Bygone Binghamton Remembering People and Places of the Past Volume One is a peoples history of some of the most memorable persons, events, and landmarks of the Binghamton area in modern times. It includes the personal memories in their own words of hundreds of people crosschecked, whenever possible, by letters, newspapers, scrapbooks, and personal files. Its many chapters focus on well-remembered restaurants, Mom and Pop grocery stores, ice cream and penny candy places, dairies, and bakeries.
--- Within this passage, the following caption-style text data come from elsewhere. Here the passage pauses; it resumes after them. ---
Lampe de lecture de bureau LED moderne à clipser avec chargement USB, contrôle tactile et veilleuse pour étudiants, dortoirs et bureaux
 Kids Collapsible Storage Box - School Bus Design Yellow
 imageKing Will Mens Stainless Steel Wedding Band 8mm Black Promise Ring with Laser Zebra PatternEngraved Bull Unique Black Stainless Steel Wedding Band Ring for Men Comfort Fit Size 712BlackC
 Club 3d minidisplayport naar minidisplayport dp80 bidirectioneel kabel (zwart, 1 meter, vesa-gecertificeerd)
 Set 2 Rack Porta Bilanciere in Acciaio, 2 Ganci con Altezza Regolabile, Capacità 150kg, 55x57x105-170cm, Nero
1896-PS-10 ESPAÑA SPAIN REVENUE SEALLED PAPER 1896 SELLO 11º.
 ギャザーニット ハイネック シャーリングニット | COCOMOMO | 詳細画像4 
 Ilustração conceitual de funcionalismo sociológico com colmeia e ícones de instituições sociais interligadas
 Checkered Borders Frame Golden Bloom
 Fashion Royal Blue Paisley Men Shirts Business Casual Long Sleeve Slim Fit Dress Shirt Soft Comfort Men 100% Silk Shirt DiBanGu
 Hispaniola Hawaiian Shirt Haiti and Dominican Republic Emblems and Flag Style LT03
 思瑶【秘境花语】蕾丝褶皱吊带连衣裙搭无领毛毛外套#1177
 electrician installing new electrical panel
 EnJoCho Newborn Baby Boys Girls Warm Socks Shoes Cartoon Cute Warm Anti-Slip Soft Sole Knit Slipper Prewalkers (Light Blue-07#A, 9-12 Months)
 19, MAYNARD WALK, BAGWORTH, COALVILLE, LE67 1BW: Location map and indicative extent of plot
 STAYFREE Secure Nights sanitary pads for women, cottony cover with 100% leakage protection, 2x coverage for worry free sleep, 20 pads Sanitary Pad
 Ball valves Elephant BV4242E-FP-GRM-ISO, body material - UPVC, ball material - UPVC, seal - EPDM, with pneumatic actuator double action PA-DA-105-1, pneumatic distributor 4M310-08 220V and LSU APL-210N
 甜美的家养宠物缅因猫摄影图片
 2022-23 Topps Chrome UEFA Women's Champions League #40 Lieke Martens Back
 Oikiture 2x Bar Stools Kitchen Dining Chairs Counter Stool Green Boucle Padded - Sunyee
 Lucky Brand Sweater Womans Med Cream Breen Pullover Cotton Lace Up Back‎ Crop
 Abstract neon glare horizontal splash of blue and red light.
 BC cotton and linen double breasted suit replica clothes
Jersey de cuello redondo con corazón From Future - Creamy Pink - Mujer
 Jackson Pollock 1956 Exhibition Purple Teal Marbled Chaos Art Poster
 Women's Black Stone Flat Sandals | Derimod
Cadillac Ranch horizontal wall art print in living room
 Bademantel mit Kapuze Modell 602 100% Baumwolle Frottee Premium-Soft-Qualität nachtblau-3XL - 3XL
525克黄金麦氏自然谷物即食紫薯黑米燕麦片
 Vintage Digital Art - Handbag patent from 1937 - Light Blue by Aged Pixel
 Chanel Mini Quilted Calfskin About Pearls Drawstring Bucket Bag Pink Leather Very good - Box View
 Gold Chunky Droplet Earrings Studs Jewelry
It tells, for the first time, the origins of the famous sauce served at Little Venice, the secret wartime exploits of the man who founded Pinos, the background of the Pig Stands, the long-repressed World War II horrors experienced by a young boy who grew up to own the Schnitzelbank, and the married couple who gave Pat Mitchell his start in the ice cream business. Local companies like GAF/Ansco/Ozalid, General Electric, and the Erie Shops are profiled. The founding, heyday, and history of IBM in Endicott are explored. The chapter on Endicott Johnson is a small book in itself and provides information never before published. The once-flourishing downtown shopping districts come to life once again in the words of those who remember them. The notorious Clinton Street Run lives again in the stories of people who attempted it. Drazens, Philadelphia Sales, and Lescrons are among the highlighted stores. Former newspapers and magazines and some of the most beloved or controversial writers Tom Cawley, Gene Grey, Lou Parrillo are recalled.